The song My Little Love with its sensual 70’s groove and heavy strings features recorded conversations between Adele and Angelo in between verses. Adele comforts her son by telling him “I love your dad ‘cause he gave you to me / You’re half me and you’re half daddy.” This peak into the singer’s private life does feel at times a little too intimate, it is reminiscent of sitting at a restaurant and overhearing the couple next to you as they quietly seethe at each other. It feels as if we shouldn’t be a part of this conversation but restraint has never been Adele’s style. The nuanced production of the chorus creates an atmospheric feel as we are drawn deeper and deeper into the singer’s fragile psyche: “I’m holdin’ on (Barely) / Mama’s got a lot to learn (It’s heavy).”

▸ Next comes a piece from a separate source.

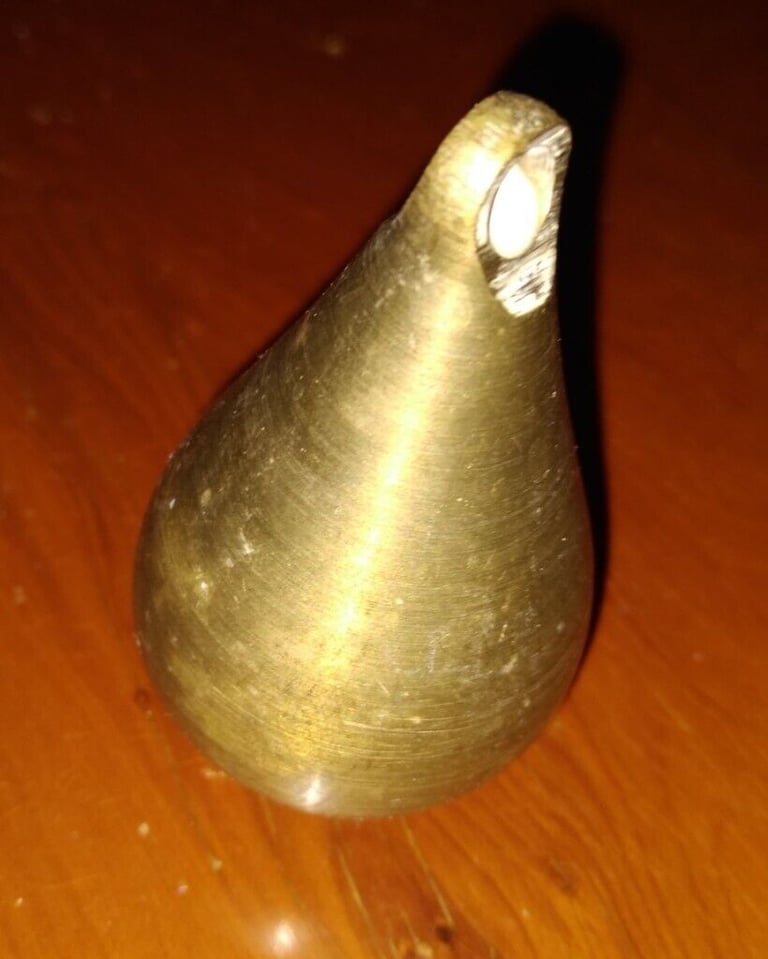 image for 'Teardrop' Counterweight, Solid Brass (fr. Dutch style wall clock). Cord pull?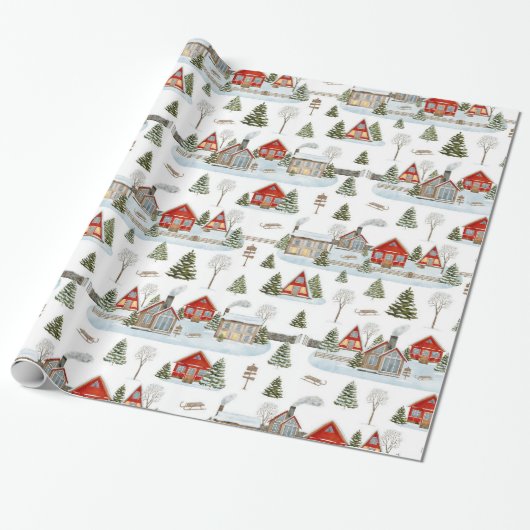 Christmas House Waterverf Pattern Cadeaupapier (Uitgerold)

Adele understands that honesty is what makes her accessible. Her music is inspired by her life and her life alone. The heartache and guilt she feels at her divorce is peppered throughout the album, lyrically and stylistically. The opening track Strangers by Nature commences with vocals inspired by Judy Garland; accompanied by piano and a string quartet that punctuates every sentence. It is easy to imagine the singer, alone on stage, dressed in black and adored by spotlight, serenading a black-tie audience and easing them into the production. Produced and co-written by Childish Gambino’s producer Ludwig Göransson, the opening track acts as an introduction to the album with the verse “Will I ever get there? / Oh, I hope that someday I’ll learn / To nurture what I have done.” 30 is as honest as it is ambitious in scope.

The album is meant to be played chronologically, Adele is adamant in this order and was even instrumental in Spotify removing their default shuffle album setting (I wonder if she could influence my friend Alex into giving me back my This Is Spinal Tap DVD). The songs that follow relay the story of heartache, picking yourself up after a fall, and opening yourself up to new experiences (think any films where the female lead takes a trip to Ireland). The feel of the album borrows heavily from R&B and hip-hop artists such as Frank Ocean and Lauryn Hill with its nuance beats and emotional transparency. Adele has teamed up with Little Simz producer Inflo on three tracks and it is in these collaborations where she really transcends.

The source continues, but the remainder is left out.